A red herring is a literary or rhetorical device designed to mislead or distract a reader or an audience. The frequent calls to “close the gun show loophole” are clearly intended to mislead the public regarding America’s gun laws. The so-called “gun show loophole” is a red herring because it falsely assumes that gun shows are special lawless zones where America’s gun laws do not apply. In fact, the laws that apply everywhere else in America also apply at gun shows. If a federally licensed firearms dealer chooses to do business at a gun show, then the same laws that apply at his or her normal place of business apply at gun shows as well. If the law requires a background check outside of a gun show, then it requires the same background check at a gun show. Therefore, for federally licensed firearms dealers, there certainly is no such thing as a “gun show loophole.”
If an ordinary citizen attends a gun show, then the same firearms laws that apply to him or her elsewhere also apply at a gun show. For example, federal law allows those who lawfully possess firearms to sell or give those firearms to family, friends, neighbors, or nearly anyone else for that matter without any paperwork of any kind. A father, for example, can give a son or daughter a rifle for Christmas without any paperwork to “transfer” that firearm to his child. If he chooses to sell one or more of his firearms to a neighbor or someone he meets at a gun show, there is no law prohibiting him from doing so.
Therefore, since there is no “gun show loophole” for either federally licensed firearms dealers or for private citizens, then there must be some other reason for the rhetoric. There is: the call to “close the gun show loophole” is a thinly veiled call for universal registration of all firearms. This is the Trojan horse in the debate.
How does the call to “close the gun show loophole” end up at universal gun registration? To answer this question one must realize that the call to “close the gun show loophole” is actually a call to end all of the private transfers of firearms mentioned above. The purported solution to the so-called “gun show loophole” is to require background checks for every firearm transfer, whether from parent to child, between neighbors, or between people who meet at gun shows. How is it that requiring universal background checks really amounts to universal registration? The answer to this question is simple—the only way to implement universal background checks is through universal registration of all new and existing firearms.
With so many firearms already in circulation in the U.S., the only way to ensure that these firearms only change hands through proper channels is for the government to know who owns which firearms today.
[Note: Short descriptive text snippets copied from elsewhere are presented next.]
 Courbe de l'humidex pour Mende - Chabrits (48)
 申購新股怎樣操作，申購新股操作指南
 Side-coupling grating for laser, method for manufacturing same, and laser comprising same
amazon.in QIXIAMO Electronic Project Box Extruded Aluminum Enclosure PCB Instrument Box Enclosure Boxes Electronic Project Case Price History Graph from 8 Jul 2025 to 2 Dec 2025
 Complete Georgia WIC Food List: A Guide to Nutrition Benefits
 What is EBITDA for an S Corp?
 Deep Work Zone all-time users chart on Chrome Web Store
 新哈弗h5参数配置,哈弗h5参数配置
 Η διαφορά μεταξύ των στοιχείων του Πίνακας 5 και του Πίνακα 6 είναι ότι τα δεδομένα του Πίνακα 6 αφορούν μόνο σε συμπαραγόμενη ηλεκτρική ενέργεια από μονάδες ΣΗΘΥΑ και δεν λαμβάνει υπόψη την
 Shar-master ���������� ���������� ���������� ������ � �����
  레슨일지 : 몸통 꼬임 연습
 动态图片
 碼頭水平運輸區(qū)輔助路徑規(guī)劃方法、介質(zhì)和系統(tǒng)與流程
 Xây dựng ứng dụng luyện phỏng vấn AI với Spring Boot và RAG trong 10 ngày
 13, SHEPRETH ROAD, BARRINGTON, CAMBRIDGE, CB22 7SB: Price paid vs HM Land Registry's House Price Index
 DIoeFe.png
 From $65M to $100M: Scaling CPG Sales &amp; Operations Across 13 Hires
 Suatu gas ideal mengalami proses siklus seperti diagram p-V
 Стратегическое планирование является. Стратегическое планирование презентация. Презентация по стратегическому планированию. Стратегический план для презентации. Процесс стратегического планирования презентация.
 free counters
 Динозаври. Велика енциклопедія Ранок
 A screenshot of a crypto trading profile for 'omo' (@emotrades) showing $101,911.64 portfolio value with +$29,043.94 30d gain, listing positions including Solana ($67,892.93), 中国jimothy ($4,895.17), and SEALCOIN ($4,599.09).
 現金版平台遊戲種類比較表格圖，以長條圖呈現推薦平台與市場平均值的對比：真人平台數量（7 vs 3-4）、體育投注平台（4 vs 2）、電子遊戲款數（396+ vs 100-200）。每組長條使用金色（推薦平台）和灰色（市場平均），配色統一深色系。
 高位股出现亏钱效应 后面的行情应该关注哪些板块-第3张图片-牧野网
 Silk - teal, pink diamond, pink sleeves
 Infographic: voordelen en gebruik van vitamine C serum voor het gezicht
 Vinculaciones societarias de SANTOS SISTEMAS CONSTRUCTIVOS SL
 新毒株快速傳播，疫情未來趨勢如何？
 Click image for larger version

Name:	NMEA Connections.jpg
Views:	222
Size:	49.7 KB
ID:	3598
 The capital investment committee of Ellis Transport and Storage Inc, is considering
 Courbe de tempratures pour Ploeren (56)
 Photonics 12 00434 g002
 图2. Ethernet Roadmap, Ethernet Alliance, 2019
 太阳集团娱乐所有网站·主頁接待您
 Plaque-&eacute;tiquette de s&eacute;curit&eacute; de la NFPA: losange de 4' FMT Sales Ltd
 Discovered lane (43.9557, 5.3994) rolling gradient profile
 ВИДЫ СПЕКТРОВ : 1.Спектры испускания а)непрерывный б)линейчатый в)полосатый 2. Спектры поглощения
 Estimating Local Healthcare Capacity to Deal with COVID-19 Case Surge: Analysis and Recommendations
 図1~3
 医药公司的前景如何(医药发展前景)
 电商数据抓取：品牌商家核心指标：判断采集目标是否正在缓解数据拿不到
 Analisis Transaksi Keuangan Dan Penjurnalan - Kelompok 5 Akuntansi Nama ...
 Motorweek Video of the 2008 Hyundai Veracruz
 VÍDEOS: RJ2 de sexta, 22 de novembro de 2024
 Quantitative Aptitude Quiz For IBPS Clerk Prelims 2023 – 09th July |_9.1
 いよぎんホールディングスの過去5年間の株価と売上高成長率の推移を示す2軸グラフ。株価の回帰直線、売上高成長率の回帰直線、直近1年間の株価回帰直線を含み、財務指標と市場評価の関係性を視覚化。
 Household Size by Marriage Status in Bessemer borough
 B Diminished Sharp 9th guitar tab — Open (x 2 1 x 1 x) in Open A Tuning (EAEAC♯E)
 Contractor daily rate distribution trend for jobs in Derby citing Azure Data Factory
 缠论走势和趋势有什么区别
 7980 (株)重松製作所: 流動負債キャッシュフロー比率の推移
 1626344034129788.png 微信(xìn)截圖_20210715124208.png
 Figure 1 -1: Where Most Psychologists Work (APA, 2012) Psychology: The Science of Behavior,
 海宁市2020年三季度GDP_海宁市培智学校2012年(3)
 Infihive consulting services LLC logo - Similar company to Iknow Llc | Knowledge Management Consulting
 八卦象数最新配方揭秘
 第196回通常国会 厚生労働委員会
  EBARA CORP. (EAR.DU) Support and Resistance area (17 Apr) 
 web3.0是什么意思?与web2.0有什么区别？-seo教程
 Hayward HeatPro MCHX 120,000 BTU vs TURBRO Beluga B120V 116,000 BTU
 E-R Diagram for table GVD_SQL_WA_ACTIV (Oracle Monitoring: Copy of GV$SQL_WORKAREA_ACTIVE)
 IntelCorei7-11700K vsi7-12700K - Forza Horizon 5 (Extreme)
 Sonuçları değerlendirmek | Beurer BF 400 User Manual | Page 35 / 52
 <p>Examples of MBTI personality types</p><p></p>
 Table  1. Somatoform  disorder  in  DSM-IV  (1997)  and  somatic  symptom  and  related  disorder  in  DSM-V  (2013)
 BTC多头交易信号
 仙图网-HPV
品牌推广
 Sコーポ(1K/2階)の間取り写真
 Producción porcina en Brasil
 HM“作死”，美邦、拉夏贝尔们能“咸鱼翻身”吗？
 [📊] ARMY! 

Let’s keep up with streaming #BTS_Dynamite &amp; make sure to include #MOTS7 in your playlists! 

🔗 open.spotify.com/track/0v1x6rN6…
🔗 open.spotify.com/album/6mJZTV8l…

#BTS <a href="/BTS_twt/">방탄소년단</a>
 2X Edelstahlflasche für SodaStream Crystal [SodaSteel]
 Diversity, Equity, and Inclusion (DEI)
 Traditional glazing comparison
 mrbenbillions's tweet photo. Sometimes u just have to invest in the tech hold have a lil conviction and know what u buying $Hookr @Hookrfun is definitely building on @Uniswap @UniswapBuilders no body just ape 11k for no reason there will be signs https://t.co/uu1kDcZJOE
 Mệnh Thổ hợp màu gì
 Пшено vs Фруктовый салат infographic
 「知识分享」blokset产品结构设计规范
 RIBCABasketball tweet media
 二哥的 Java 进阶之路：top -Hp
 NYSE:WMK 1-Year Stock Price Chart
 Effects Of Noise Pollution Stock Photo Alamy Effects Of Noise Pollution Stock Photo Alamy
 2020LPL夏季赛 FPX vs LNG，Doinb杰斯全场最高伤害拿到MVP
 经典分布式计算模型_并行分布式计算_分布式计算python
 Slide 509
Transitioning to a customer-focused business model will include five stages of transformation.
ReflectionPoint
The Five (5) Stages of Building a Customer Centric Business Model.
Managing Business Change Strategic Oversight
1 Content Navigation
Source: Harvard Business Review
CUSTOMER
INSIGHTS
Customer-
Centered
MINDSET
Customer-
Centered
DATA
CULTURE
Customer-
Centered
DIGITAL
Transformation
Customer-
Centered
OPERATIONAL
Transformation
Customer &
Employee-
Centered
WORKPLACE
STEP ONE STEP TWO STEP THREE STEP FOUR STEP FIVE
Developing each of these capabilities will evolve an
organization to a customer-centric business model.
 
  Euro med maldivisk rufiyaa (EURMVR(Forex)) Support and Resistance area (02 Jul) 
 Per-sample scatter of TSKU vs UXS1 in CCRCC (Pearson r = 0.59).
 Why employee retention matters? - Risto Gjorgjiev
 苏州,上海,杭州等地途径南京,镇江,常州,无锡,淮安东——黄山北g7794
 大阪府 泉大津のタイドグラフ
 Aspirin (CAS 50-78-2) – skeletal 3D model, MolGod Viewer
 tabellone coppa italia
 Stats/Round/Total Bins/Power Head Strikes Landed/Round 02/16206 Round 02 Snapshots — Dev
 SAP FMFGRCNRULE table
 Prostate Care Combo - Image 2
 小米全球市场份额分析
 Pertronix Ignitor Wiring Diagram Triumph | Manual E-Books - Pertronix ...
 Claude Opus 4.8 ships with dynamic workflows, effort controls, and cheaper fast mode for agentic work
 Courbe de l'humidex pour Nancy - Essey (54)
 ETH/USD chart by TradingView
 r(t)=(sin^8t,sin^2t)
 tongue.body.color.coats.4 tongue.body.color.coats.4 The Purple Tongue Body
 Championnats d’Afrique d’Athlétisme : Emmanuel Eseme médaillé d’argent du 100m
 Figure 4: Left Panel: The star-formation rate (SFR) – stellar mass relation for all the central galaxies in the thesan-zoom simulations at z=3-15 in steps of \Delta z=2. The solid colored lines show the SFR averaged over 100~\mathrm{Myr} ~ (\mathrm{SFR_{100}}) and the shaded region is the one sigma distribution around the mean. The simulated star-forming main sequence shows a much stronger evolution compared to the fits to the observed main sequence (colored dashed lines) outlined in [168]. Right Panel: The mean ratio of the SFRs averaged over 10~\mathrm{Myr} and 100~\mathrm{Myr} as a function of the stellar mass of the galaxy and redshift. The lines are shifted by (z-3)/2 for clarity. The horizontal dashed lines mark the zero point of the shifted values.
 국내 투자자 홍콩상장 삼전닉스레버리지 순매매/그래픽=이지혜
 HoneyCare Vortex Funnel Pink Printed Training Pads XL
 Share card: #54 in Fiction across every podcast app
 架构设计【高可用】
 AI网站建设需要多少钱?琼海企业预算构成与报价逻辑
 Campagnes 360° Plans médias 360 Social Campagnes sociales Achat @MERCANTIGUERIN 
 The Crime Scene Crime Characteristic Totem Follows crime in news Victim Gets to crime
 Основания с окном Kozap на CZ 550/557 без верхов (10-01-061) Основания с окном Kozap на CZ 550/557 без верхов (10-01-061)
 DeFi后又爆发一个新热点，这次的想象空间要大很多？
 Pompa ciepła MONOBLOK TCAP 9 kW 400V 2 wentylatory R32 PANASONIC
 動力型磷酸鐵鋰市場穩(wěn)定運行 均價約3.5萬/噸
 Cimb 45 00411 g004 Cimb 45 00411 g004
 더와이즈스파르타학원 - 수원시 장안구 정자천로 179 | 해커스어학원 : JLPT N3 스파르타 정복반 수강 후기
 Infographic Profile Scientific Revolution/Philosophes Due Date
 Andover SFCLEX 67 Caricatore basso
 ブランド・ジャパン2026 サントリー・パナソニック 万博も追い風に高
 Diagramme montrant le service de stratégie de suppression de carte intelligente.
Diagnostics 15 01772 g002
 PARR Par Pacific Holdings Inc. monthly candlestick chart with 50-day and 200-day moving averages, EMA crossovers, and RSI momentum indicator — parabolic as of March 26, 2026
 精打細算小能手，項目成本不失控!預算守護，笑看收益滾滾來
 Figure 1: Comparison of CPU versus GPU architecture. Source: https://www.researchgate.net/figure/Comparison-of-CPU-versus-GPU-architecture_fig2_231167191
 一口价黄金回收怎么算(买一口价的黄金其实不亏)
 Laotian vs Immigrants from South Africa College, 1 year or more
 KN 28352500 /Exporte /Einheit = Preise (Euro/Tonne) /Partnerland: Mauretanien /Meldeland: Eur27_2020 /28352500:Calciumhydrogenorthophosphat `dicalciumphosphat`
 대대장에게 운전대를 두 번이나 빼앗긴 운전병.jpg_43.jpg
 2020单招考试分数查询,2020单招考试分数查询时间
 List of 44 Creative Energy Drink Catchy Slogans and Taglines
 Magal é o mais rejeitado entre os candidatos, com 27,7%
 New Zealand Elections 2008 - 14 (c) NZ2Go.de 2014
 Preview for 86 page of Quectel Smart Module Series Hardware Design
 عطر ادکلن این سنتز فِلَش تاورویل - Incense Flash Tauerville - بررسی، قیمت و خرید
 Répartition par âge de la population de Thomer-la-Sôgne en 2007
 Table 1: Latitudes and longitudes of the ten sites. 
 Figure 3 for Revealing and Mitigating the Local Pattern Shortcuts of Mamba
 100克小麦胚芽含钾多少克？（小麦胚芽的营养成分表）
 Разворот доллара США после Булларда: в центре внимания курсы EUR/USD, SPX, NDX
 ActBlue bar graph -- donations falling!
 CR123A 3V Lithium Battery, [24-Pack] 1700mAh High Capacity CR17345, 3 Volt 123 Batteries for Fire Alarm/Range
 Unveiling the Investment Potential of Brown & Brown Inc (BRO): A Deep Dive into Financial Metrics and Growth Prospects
Theoretically, every one of the roughly three-hundred million firearms currently in the possession of American citizens could change hands dozens of times after passage of a universal background check law and the government would have no knowledge of these transfers. In fact, they would have no way of gaining such knowledge unless they know who is supposed to possess which firearms on any given day. Therefore, universal background checks for all gun transfers would require universal gun registration. There is simply no other way to enforce a universal background check law. This is the Trojan horse that opponents of the second amendment do not want the public to know about.
Federal lawmakers have chosen not to require any official government process when firearms are transferred between private citizens precisely because they know that the only way to implement such a program would be through universal registration of all firearms. Lawmakers wisely chose not to provide the government with a list of people who have chosen to exercise the constitutional right to own a firearm. If we, The People, are as wise, then we should not ask them to create such a list.
A red herring is a rhetorical device designed to misdirect or mislead. If we are not careful, supporters of the second amendment could lose the debate by failing to call out a logical fallacy when we find one. The Greeks used the subterfuge of a wooden horse filled with a select fighting force in order to capture the city of Troy. Since that day, any dangerous hidden agenda has been likened to that “Trojan horse.” Supporters of the constitution should be crying out against such attacks on our constitutionally protected rights. Such subterfuge should not go unanswered.